Most conures do best on a diet built around a formulated pelleted food, with smaller amounts of vegetables, limited fruit, and carefully portioned treats. Seed and nut mixes are usually too high in fat and too easy for birds to pick through selectively. Merck notes that excess dietary fat in sedentary pet psittacines can contribute to obesity, metabolic disease, cardiac disease, and atherosclerosis, while all-seed diets are also linked with vitamin A deficiency.

A practical starting point for many conures is about 60-80% pellets, 15-30% vegetables and leafy greens, and a smaller portion of fruit or training treats. Good produce options often include dark leafy greens, carrots, bell peppers, squash, broccoli, and herbs. Nuts and seeds can still have a place, but usually as enrichment or training rewards rather than the main diet. Fresh water should be available at all times and changed at least daily, more often if your bird soils the bowl.

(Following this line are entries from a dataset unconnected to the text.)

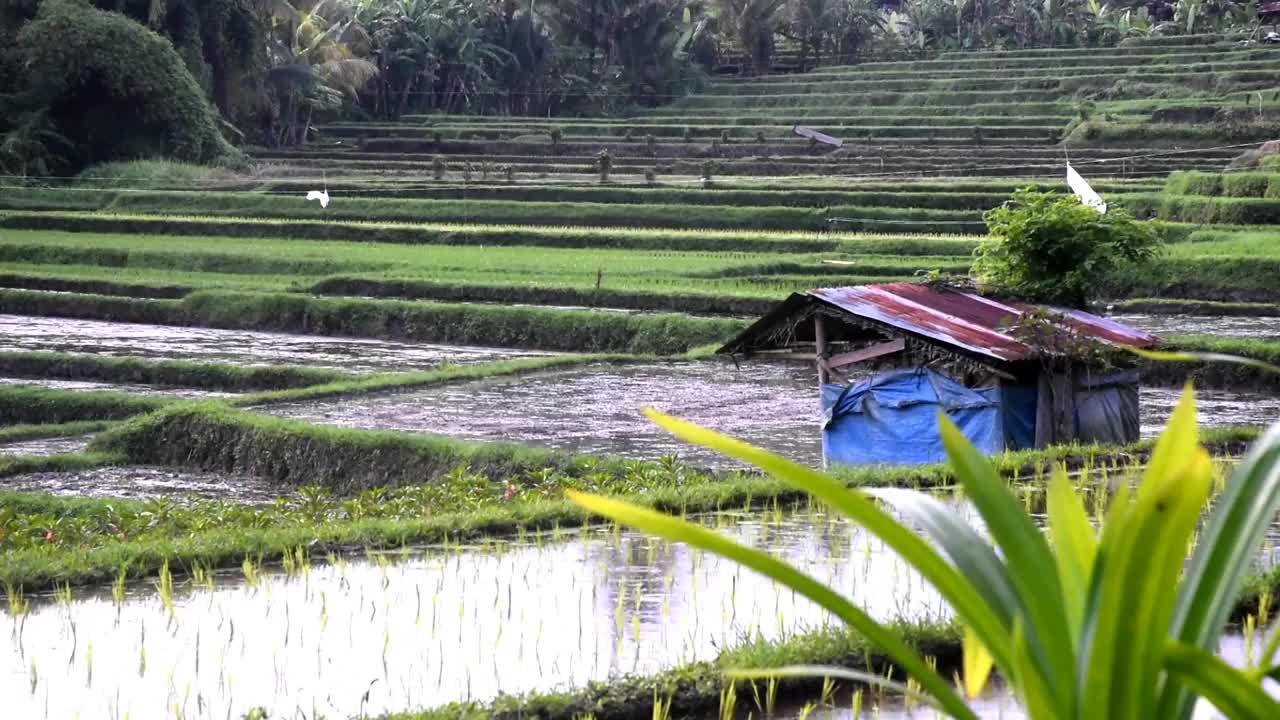 稻田与小水稻种植在下午时间视频素材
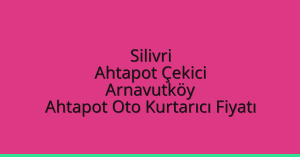 Silivri Ahtapot Çekici – Arnavutköy Ahtapot Oto Kurtarıcı Fiyatı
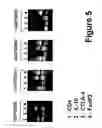 Fig. 06 - Methods for the identification and preparation of regulator/suppressor t lymphocytes, compositions and use thereof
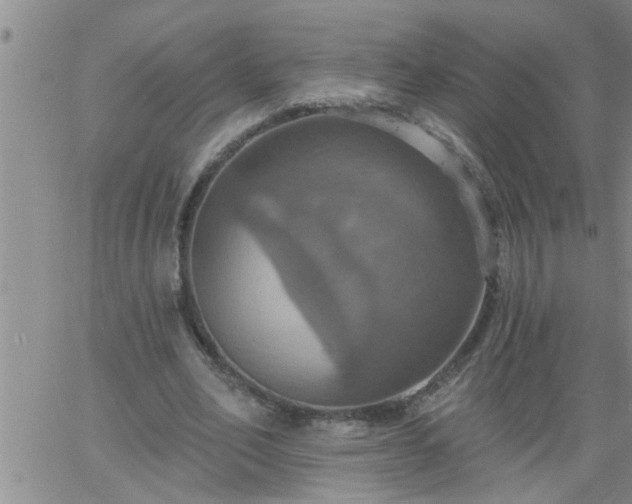 X0000063510582200601271813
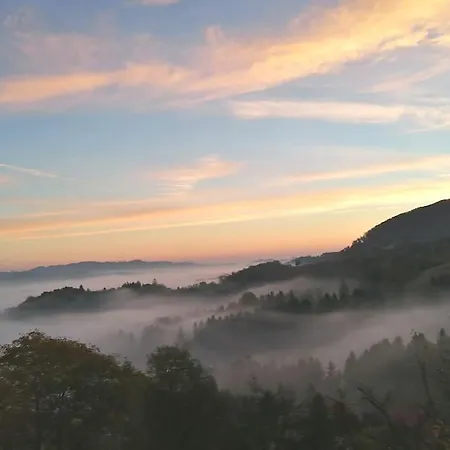 Weinstöckl In Der Südsteiermark *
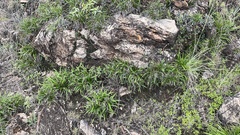 Xerophyta adendorffii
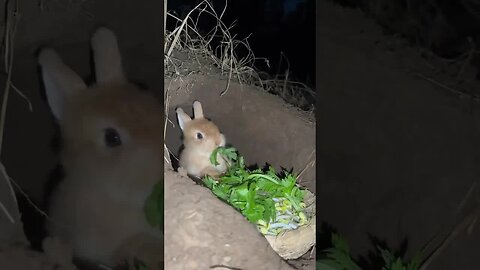 Little rabbit comes out to eat vegetables late at night, cute pet debut plan, rabbit pastoral cu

Avoid avocado, chocolate, caffeine, alcohol, and heavily salted or sugary human foods. If your bird has been eating mostly seed, do not force a sudden switch. Gradual transitions are safer, and your vet can help you monitor weight during the change. For small parrots, even a few grams of weight loss can matter, so a gram scale at home is one of the most useful nutrition tools you can buy.

Exercise & Activity

This hybrid usually needs daily movement and mental work, not only a bigger cage. Conures are active parrots that benefit from supervised out-of-cage time every day, climbing opportunities, shreddable toys, and foraging tasks that make them work for part of their food. Without enough activity, some birds become louder, more nippy, or start damaging feathers.

Aim for at least 2-4 hours of supervised out-of-cage activity daily when possible, even if that time is broken into shorter sessions. Rotate toys regularly so the environment stays interesting. Ladders, swings, paper-based shredding toys, untreated wood, and puzzle feeders are often helpful. Training sessions using target work or step-up practice can also burn energy and build trust.

Flight can be valuable exercise when it is safe and your vet agrees your bird is a good candidate. If wings are trimmed, the trim should still allow controlled descent and safe movement. Whether your bird flies or climbs more, the goal is the same: predictable daily activity, enrichment, and social interaction matched to the individual bird's confidence and skill.

Preventive Care

Preventive care starts with an avian wellness exam. VCA recommends that new conures be examined within the first 7 days after coming home and that pet conures have annual veterinary checkups. These visits help your vet track body weight, body condition, beak and nail health, droppings, diet quality, and early signs of disease. Depending on age and history, your vet may also suggest fecal testing, a gram stain, CBC, chemistry panel, or screening for infectious disease.

Home monitoring matters just as much. Weigh your bird on a gram scale several times a week, learn what normal droppings look like, and note changes in appetite, voice, posture, breathing, and feather condition. Birds often mask illness, so a small trend can be more important than a dramatic symptom. Good air quality is also preventive care: avoid smoke, scented sprays, aerosol cleaners, nonstick cookware fumes, and moldy environments.

Routine husbandry supports health too. Keep the cage clean and dry, offer varied perches to reduce foot problems, rotate enrichment, and protect sleep with a dark, quiet period each night. If you are unsure whether a behavior is normal, take a short video and share it with your vet. That can be very helpful for subtle breathing changes, regurgitation, balance issues, or repetitive feather behavior.